Руководство по социальной медицине и психологии. Часть шестая. Приложение

Четких различий между функциями социального врача и психолога публичной и общественной ориентации нет, так как жизнедеятельность субъектов с врожденными или приобретенными девиантными или делинквентными формами поведения, как известно, протекает в различных микросоциальных средах, в которых он является носителем конкретных социальных качеств (отца, сына, руководителя, подчиненного и т.д.). И все же если публичный врач и психолог ориентируется на субъекта, конкретного человека, то общественный врач и психолог работают всегда с группой людей, которая представляет собой социальный организм и функционирует как единое целое. Клиентом общественного врача и психолога является юридическое лицо, а центральными понятиями – коллектив и криминальная толпа. Общественный врач и психолог, работая с группами людей (от рабочих коллективов до криминальных толп), часто сталкивается с таким социальным феноменом, как психическая эпидемия, а также с явлением (социальным механизмом) современной цивилизации – public relation.

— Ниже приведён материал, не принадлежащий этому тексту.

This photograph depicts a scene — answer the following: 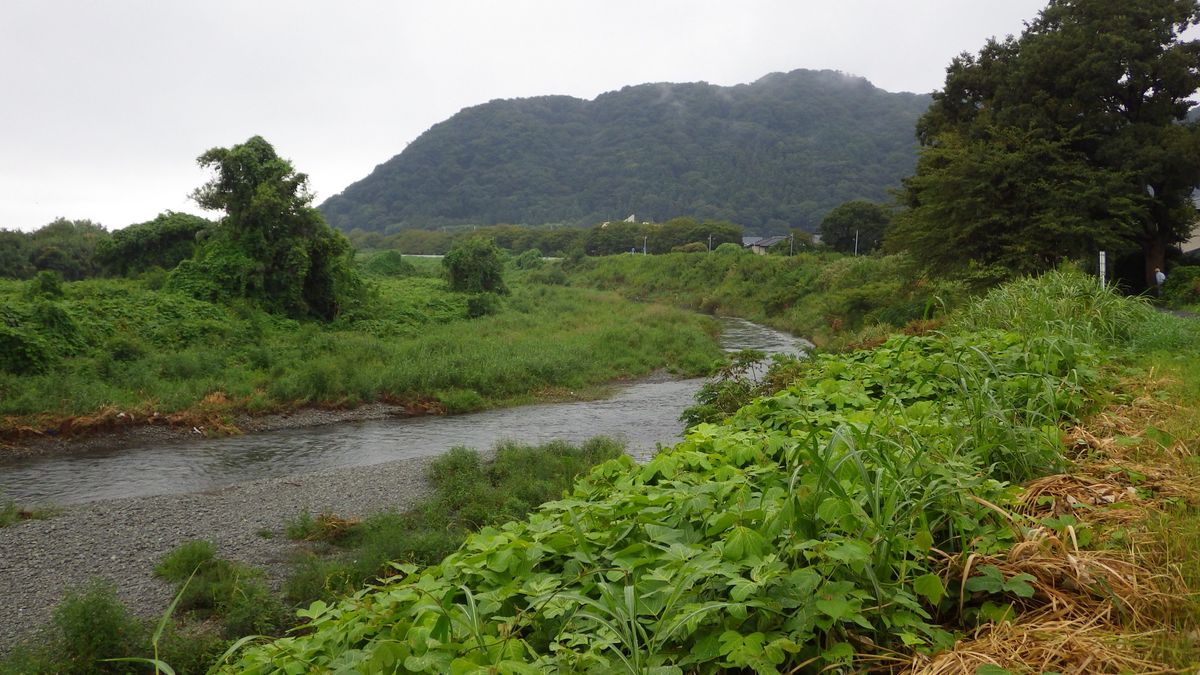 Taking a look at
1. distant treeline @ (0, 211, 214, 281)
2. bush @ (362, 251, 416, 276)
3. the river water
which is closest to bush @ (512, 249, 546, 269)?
bush @ (362, 251, 416, 276)

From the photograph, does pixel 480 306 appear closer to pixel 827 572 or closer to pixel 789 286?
pixel 789 286

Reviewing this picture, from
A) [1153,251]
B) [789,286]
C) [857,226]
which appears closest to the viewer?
[1153,251]

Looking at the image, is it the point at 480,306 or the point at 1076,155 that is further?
the point at 480,306

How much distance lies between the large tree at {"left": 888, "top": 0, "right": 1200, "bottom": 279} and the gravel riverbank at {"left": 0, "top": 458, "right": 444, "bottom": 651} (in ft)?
42.1

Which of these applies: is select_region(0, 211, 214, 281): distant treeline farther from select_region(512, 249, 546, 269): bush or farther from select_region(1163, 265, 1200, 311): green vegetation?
select_region(512, 249, 546, 269): bush

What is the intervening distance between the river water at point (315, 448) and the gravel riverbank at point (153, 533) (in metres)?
1.07

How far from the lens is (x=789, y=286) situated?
37875mm

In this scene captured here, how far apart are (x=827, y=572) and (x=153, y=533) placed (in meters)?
9.42

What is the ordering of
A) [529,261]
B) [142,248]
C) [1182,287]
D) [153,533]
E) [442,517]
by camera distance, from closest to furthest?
[153,533] < [442,517] < [1182,287] < [142,248] < [529,261]

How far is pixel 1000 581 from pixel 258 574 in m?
7.44

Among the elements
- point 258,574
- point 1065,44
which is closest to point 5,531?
point 258,574

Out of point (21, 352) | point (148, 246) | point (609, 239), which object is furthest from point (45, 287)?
point (609, 239)

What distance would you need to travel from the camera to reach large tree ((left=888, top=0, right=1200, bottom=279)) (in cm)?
1523

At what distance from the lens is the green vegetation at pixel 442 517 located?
24.4 ft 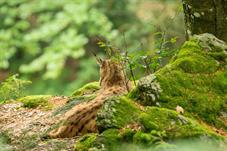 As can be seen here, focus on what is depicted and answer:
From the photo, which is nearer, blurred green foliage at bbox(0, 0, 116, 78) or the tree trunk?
the tree trunk

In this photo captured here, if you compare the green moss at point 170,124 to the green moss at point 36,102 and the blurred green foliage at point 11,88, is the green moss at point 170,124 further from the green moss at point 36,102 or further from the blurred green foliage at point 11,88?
the blurred green foliage at point 11,88

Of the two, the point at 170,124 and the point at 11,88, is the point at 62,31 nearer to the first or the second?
the point at 11,88

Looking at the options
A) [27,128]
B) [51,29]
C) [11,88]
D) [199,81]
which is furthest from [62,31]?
[199,81]

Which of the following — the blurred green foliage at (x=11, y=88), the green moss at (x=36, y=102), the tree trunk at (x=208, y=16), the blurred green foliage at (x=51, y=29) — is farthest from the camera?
the blurred green foliage at (x=51, y=29)

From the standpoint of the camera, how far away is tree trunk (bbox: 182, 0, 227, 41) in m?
5.18

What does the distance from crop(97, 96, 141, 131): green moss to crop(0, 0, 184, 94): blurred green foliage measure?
632 centimetres

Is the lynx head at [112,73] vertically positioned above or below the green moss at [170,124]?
above

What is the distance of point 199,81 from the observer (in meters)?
4.65

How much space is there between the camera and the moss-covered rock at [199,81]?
443cm

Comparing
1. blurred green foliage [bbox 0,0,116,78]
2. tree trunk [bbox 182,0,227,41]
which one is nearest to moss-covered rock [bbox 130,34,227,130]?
tree trunk [bbox 182,0,227,41]

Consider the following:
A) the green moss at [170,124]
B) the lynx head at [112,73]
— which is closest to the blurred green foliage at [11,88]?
the lynx head at [112,73]

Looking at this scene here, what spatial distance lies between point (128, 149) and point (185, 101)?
81 centimetres

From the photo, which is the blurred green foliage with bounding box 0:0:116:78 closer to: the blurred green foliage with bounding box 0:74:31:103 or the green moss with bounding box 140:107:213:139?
the blurred green foliage with bounding box 0:74:31:103

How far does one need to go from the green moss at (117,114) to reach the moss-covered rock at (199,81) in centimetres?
21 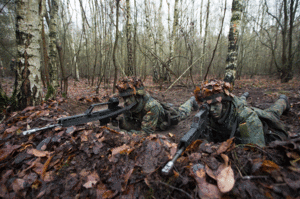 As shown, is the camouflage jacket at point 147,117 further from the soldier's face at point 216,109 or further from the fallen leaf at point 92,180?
the fallen leaf at point 92,180

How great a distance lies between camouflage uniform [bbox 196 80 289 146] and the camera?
7.57ft

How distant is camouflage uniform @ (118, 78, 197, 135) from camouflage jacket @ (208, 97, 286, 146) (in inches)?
45.8

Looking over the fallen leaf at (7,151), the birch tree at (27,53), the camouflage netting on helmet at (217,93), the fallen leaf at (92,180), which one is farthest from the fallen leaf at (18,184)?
the camouflage netting on helmet at (217,93)

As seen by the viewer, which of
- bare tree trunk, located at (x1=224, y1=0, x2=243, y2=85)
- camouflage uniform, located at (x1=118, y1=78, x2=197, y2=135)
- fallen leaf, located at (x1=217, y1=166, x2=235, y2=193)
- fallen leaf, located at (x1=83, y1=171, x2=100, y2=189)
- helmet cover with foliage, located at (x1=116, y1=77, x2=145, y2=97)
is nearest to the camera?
fallen leaf, located at (x1=217, y1=166, x2=235, y2=193)

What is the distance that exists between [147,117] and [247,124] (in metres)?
2.06

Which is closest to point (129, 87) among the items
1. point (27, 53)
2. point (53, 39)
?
point (27, 53)

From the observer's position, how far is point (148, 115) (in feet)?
11.4

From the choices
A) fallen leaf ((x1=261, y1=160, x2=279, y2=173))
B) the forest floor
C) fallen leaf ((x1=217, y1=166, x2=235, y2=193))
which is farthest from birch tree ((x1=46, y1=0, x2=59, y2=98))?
fallen leaf ((x1=261, y1=160, x2=279, y2=173))

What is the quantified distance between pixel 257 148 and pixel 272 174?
0.34 meters

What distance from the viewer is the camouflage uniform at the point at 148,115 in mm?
3443

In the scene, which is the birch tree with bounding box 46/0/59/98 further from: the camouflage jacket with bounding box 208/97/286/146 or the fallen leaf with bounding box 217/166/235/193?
the fallen leaf with bounding box 217/166/235/193

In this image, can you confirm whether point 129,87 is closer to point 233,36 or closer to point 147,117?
point 147,117

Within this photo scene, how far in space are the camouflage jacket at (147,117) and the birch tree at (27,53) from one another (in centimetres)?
238

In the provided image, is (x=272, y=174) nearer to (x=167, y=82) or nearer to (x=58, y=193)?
(x=58, y=193) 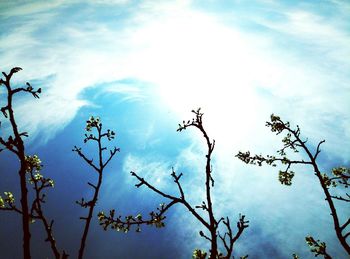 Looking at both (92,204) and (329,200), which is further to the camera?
(329,200)

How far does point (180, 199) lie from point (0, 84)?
4453 mm

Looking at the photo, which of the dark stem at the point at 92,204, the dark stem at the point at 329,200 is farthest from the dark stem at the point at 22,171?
the dark stem at the point at 329,200

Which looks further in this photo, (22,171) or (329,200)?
(329,200)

Нами в течение 25 лет изучались толпы с девиантным и делинквентным поведением, а также психические эпидемии. Особое внимание уделялось армейским коллективам и психическим эпидемиям в армии и тюрьмы. Здесь мы коснемся лишь основных, на наш взгляд, проблем, связанных с криминальными толпами, психическими эпидемиями, а также с манипуляций общественным сознанием, с которыми встречается общественный врач и психолог.

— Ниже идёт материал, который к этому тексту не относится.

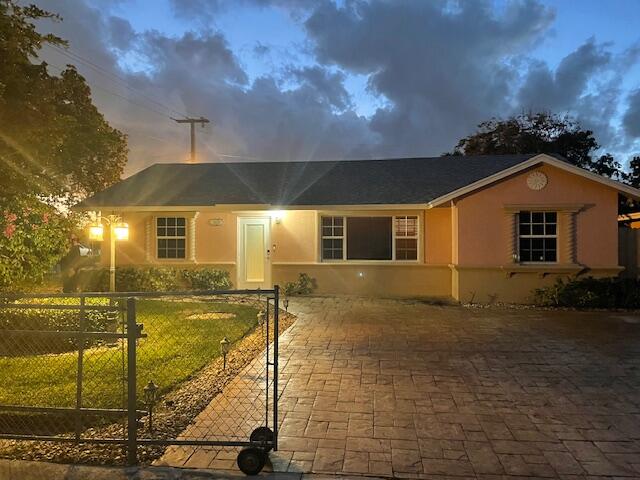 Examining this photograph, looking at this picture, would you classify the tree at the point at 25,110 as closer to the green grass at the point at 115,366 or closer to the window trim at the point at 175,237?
the green grass at the point at 115,366

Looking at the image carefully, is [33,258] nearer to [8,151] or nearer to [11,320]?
[11,320]

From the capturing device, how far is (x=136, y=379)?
4.97 metres

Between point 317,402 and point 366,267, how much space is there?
9.54 meters

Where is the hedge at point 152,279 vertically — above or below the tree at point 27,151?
below

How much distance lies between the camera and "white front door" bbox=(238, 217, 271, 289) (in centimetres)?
1551

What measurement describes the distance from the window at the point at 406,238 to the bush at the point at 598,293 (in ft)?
13.7

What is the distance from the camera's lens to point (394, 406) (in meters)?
5.24

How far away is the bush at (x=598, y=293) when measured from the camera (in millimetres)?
11766

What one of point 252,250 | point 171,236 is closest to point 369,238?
point 252,250

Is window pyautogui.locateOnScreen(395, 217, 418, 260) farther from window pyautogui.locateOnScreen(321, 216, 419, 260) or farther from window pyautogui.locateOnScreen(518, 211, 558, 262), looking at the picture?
window pyautogui.locateOnScreen(518, 211, 558, 262)

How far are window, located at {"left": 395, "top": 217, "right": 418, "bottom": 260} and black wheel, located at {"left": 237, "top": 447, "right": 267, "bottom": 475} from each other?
11367 millimetres

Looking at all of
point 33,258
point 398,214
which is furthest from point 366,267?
point 33,258

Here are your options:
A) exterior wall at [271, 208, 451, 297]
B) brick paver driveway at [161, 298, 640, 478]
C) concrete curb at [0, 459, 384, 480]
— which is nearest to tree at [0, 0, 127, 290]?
concrete curb at [0, 459, 384, 480]

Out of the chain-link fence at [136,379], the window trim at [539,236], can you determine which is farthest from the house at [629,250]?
the chain-link fence at [136,379] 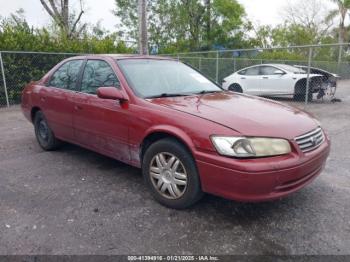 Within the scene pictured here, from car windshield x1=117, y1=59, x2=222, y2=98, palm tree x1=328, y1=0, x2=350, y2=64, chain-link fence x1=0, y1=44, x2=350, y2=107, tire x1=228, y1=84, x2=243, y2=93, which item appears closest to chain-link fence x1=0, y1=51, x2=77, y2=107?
chain-link fence x1=0, y1=44, x2=350, y2=107

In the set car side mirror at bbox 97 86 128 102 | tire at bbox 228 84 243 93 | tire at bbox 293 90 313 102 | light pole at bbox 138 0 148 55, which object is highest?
light pole at bbox 138 0 148 55

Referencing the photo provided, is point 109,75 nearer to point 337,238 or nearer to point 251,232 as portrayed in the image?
point 251,232

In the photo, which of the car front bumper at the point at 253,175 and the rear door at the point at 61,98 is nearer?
the car front bumper at the point at 253,175

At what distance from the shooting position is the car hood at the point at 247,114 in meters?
2.94

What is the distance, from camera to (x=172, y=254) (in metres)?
2.62

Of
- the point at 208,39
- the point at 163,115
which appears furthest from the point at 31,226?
the point at 208,39

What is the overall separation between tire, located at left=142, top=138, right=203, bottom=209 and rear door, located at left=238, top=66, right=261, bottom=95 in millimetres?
9700

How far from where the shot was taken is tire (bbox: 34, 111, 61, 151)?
207 inches

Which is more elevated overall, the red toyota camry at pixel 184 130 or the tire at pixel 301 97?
the red toyota camry at pixel 184 130

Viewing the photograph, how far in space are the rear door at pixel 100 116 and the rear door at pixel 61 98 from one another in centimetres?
19

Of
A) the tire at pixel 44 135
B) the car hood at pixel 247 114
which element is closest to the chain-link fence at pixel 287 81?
Result: the car hood at pixel 247 114

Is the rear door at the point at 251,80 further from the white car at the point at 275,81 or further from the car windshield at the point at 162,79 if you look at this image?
the car windshield at the point at 162,79

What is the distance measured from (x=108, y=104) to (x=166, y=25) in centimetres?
2715

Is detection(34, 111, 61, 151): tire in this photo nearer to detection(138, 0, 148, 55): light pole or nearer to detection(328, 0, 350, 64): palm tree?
detection(138, 0, 148, 55): light pole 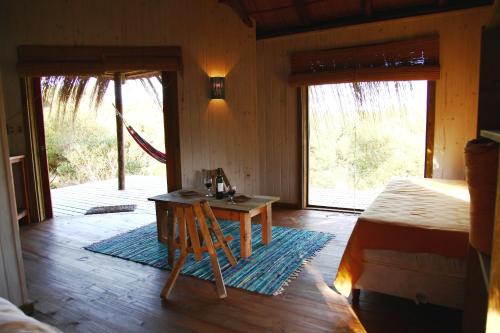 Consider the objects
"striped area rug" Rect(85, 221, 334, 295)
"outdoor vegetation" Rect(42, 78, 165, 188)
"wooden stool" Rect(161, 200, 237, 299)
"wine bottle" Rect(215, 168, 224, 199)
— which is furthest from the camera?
"outdoor vegetation" Rect(42, 78, 165, 188)

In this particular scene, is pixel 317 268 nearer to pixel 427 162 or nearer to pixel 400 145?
pixel 427 162

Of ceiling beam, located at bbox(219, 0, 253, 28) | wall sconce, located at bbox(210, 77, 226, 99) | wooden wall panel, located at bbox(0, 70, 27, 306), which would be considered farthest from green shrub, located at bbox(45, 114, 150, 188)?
wooden wall panel, located at bbox(0, 70, 27, 306)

Испанский философ Хосе Ортега-и-Гассет, диагностируя восстание масс, поглощение выделяющегося меньшинства безликой массой (говоря абстрактно, триумф fascia), писал: «Особенность нашего времени в том, что заурядные души, не обманываясь насчет собственной заурядности, безбоязненно утверждают свое право на нее и навязывают ее всем и всюду». Он дает такое определение толпе: «Толпа – понятие количественное и визуальное: множество. Переведем его, не искажая, на язык социологии, и получим „массу“. Общество всегда было подвижным единством меньшинства и массы». Масса – более абстрактное понятие, чем толпа, хотя филологически меньшинство ближе к массе, а не к толпе. Четких дефиниций толпы не существует, как нет четких категориальных различий между толпой и массой. Но есть одно определение толпы, которое никак не применимо к понятию «масса». Это – криминальность. Криминальная толпа – более точное и четкое понятие, чем просто толпа. А вот криминальной массы нет.

Все великие мыслители ХIХ и ХХ вв., рассуждая о толпе и ее свойствах, обычно начинали описывать как раз ее криминальный аспект. Любопытно, как Густав Лебон, пытаясь отделить толпу от криминала («Преступления толпы составляют лишь частный случай ее психологии; нельзя узнать духовную организацию толпы, изучая только ее преступления, так же как нельзя узнать духовную организацию какой-нибудь личности, изучая только ее пороки») только усугубляет положение вещей: «Название „преступная толпа“ ни в каком случае не подходит к такой толпе, которая после известного состояния возбуждения превратилась в простой бессознательный автомат, повинующийся внушениям. Но мы все-таки сохраняем это ошибочное название, потому что оно узаконено новейшими психологическими исследованиями. Без сомнения, некоторые действия толпы преступны, если их рассматривать сами по себе, но тогда и поступок тигра, пожирающего индуса, также надо назвать преступным». Следуя логике Лебона, для толпы совершать преступления также естественно, как для тигра съесть индуса. Французский мыслитель не может себе позволить подумать о том, что любая толпа (как показывает богатая история «толпотворения») если не актуально, то потенциально криминальна. Быть криминальной – это психологический и социальный статусы толпы. Лебона понять можно – ведь для него толпа – и парламент, и присяжные заседатели, и люди на улице, и прихожане, собравшиеся на воскресную проповедь в храме, и военные, и духовенство, и секты, партии, классы и т. п. С другой стороны, в каждой отдельной толпе Лебон непременно указывает и на наличие криминального аспекта.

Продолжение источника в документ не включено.